Torsion-Free Virtually Free-by-Cyclic Groups – Examples

Question

Is it known if there are any examples of a finitely generated group $G$ such that:

1. $G$ has a finite index subgroup $H$ which is free-by-cyclic

2. $G$ itself is not free-by-cyclic

3. $G$ is torsion-free

Since subgroups of free-by-cyclic groups are free-by-cyclic, one may strengthen (1) and ask that $H$ is normal in $G$. It is then fairly easy to construct groups that satisfy (1) and (2) by extending $H$ under any finite group. However, I couldn't come up yet with an example satisfying all three conditions.

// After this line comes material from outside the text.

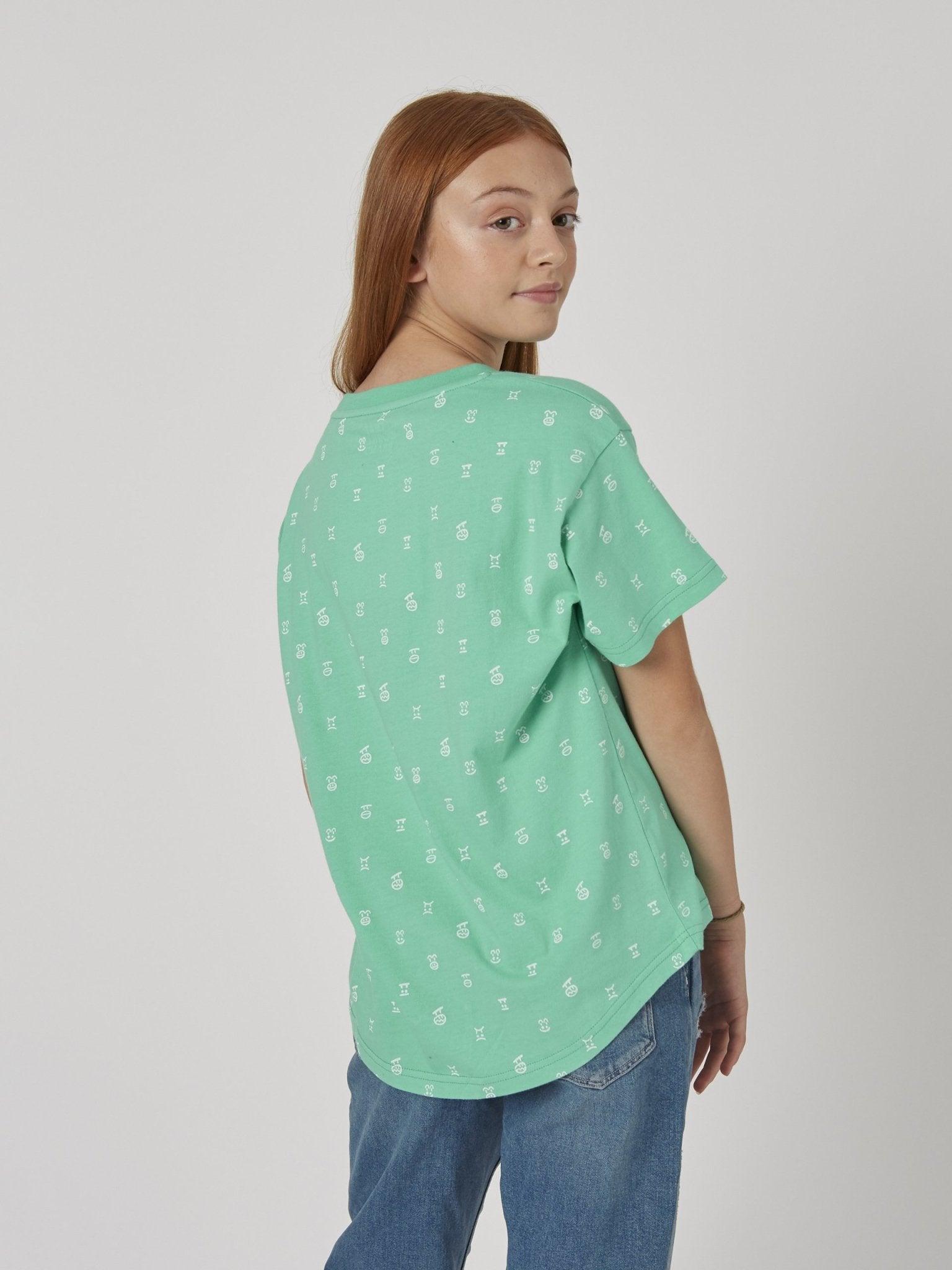 RAFIKI GREEN GORILLA EXPRESSIONS T (UNISEX) - THAT GORILLA BRAND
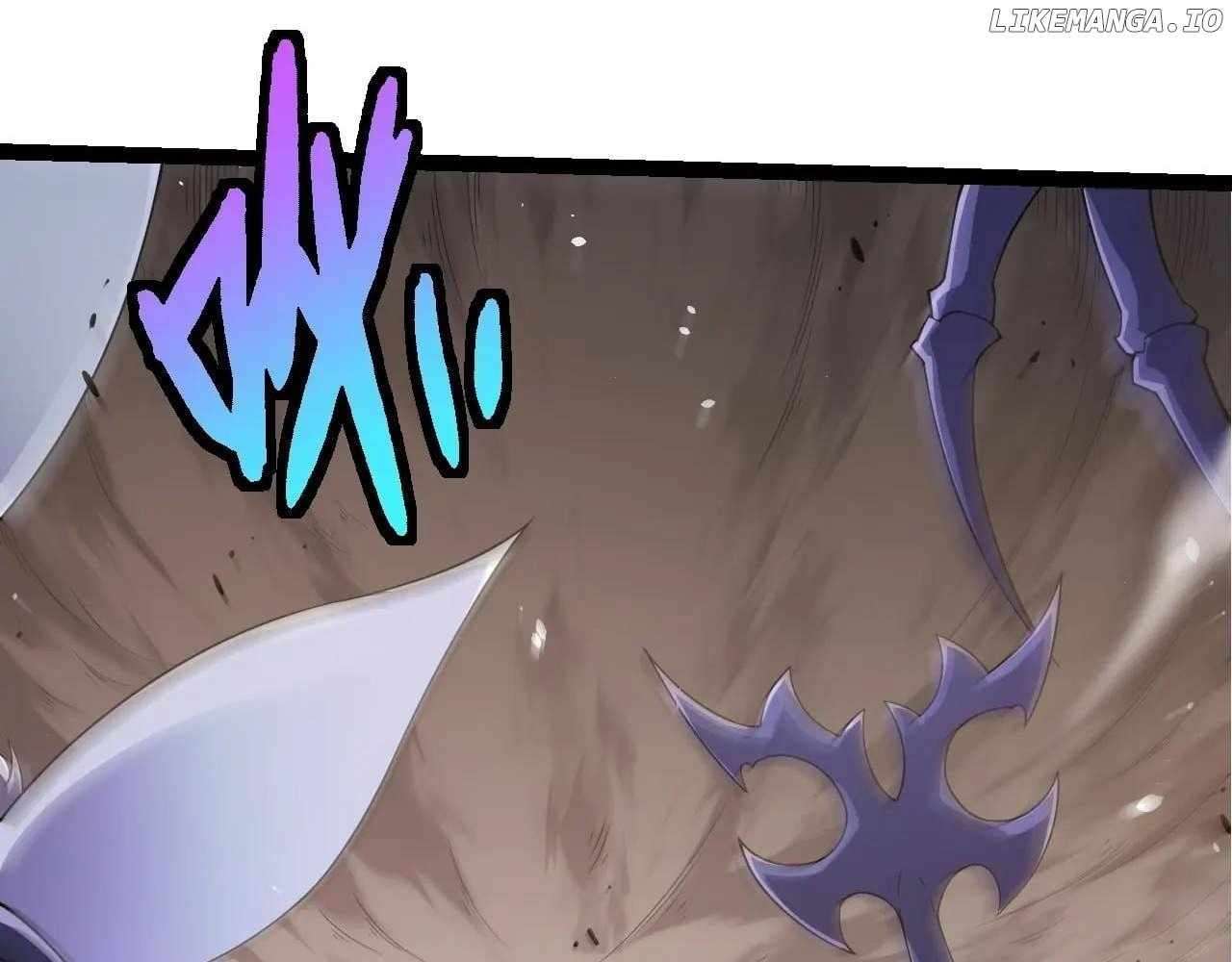 Evolution Begins With a Big Tree, Chapter 376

I've already know such a group must satisfy some properties:

• By a combination of Serre's and Stallings-Swan's theorems, such a group must have cohomological dimension 2.
• Since $H/[H,H]$ has a finite index image in $G/[G,G]$, $G$ must have infinite abelianization.
• In particular, $G$ admits homomorphisms onto $\mathbb{Z}$, all of whose kernels must have cohomological dimension exactly $2$. So $G$ must be a semidirect product $K \rtimes \mathbb{Z}$ for some group $K$ of cohomological dimension $2$.

Answer 1

The group $$G=\langle a, b, x, y\mid [a, b]^2=[x, y]^2\rangle$$ is a torsion-free group which is not free by cyclic. However, $G$ is free-by-$D_{\infty}$ and so virtually free-by-cyclic (containing an index-two subgroup which is free-by-cyclic).

This example is from the paper Baumslag, Fine, Miller and Troeger, Virtual properties of cyclically pinched one-relator groups. Int. J. Alg. Comp. (2009).

• Firstly, $G$ is torsion-free as it is a free product with amalgamation of two torsion-free groups.
• Secondly, $G$ is not free-by-cyclic. Both $[a, b]$ and $[x, y]$ are contained in the commutator subgroup. These elements are non-equal but their squares are equal. Hence, the commutator subgroup does not have unique roots, and so it not free. Hence, any map to $\mathbb{Z}$ has non-free kernel.
• Finally, $G$ is free-by-$D_{\infty}$ by Theorem 4 of the above-mentioned paper. The idea of the proof is to map $G$ onto $D_{\infty}=\langle c, d\mid c^2=1, c^{-1}dc=d^{-1}\rangle$ by $\phi(a)=c=\phi(x)$ and $\phi(b)=d=\phi(y)$, and then prove that $\phi$ has free kernel. The index-two subgroup $\phi^{-1}(d)$ of $G$ is therefore free-by-cyclic.